We all want to be involved in poker’s monster pots – whether it’s for a monster stack in the $150,000 Guaranteed during the Sunday Majors or just to sneak into the money in a Daily Majors tournament. Every pot in poker is worth fighting for but sometimes getting your opponent away from the pack is the smart play. While more players means more money, your chances of winning also decreases. Two is company in poker, but three can be problematic. We’re going to show you how and why you should be isolating your enemies.
What is isolation?
When trying to isolate, you want to go to the flop heads-up with just one opponent. Doing this will maximise your chances of winning. Isolating also gives you more control of the action after the first three community cards fall. Bluffing an opponent off a hand is tricky, but bluffing two or three off the same hand is significantly more difficult.
You’re looking, when raising pre-flop to isolate, to get a weaker player to follow you alone to the flop and it helps if you have position on them at the table. You want them out their playing on their lonesome. And you don’t want to be isolating a strong opponent who has position on you. Weaker players are far more likely to call which can be used against them in a number of ways:
- You can extract much more value when you perceive your post-flop hand to be stronger than theirs.
- Your hole-cards become less important if you improve their table image and know their range.
- Whether it’s check-raising or walking away from a hand, you can play position against the, especially if inexperience reveals the strength of their hand.
Protect Your Premiums
You’ll only get dealt pocket aces once every 220 hands, so you know how seldom you’ll be looking down at one of the so-called ‘premium’ poker hands. You’ll go through periods at the table where you think you’ll never see a pair again as long as you live. So when the big hands come along, it’s vital to protect them. Depending on your position at the table, you really want to make sure limpers get out of the way, and ideally, head to the flop against a player you know you’re ahead of, a player who will likely pay you off. By raising pre-flop, you’re announcing that you’re in control of both the pot and the betting action. Just make sure you know how to sustain it.

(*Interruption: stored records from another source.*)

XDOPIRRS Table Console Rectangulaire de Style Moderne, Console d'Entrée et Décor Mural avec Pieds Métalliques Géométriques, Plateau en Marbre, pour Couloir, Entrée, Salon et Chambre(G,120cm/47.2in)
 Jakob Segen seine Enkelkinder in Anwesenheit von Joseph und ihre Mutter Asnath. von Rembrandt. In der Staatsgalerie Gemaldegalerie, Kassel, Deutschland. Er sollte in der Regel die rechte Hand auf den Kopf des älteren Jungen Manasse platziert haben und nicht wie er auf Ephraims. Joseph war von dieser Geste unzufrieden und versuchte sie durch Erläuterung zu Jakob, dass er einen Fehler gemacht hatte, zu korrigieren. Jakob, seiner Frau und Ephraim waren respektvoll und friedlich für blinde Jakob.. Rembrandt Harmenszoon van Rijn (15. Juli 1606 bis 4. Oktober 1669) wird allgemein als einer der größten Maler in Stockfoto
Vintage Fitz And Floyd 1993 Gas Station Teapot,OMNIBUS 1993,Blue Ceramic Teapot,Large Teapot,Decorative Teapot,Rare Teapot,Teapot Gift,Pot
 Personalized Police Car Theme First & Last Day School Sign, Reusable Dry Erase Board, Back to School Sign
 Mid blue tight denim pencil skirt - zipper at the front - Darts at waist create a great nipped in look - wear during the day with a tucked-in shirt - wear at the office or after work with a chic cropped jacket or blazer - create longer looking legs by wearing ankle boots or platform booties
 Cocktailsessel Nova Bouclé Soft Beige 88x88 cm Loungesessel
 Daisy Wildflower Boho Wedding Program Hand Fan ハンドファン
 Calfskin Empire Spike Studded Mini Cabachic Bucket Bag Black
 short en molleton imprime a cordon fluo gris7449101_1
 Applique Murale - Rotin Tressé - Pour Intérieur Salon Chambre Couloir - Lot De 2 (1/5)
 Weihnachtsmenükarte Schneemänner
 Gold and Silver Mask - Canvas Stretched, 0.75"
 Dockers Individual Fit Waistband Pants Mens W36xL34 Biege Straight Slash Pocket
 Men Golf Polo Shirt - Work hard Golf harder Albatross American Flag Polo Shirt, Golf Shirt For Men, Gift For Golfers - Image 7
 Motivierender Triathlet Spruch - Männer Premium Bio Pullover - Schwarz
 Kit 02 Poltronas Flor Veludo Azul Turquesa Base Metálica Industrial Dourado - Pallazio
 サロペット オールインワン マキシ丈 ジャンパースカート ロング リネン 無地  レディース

Like every good Boy Scout you need to know what to expect. In this instance, let’s talk about your opponent pre-flop. Your hand may not improve on the flop or a premium hand, such as Q-Q, could run into a flop of A-K-3. The strength of your hole-cards can change so knowing that you can bully your isolated opponent off the pot with a big continuation bet (or c-bet), even if you flop fresh air, is important to know before making the move. For this reason, in tournament play at least, you should make isolation plays only after studying how your opponents play.
Fighting fire with fire
You should also isolate super-aggressive players, those who refuse to give up without a fight. Getting into personal battles in poker costs chips, so it’s crucial you make players that do this pay. In the majority of cases you’re isolating to then steal the pot post-flop as your opponent gets out of the way to your c-bet. Most players will call you with ‘strong-looking’ cards (connecting picture cards or AcTc for example), and if a flop comes A-K-J you have isolated intelligently with any of those pairs. You’ll likely get paid off by a player who called you pre-flop with A-T or K-J. Crushing an opponent on this sort of flop gives you the chance to learn about isolating players who might have folded Q-T and forfeited their chances of flopping Broadway. You can make players who weren’t even in the hand go on tilt when the flop comes. Winning!
Isolation ever after
Many players, after learning how to isolate their opponent, restrict their play by limiting the times they use the technique pre-flop. The reality is that some isolation plays won’t work until post-flop play. If your original move to push players off the pot before any community cards have been dealt is ruined by three players seeing a flop you connect with, change your game plan and isolate post-flop. More players does mean more danger but with an increased pot value, it’s most profitable to take advantage by isolating one opponent with a worse kicker or drawing hand and taking them all the way to the river at the expense of the third or fourth player involved pre-flop. So, what are the rewards for utilising isolating post-flop?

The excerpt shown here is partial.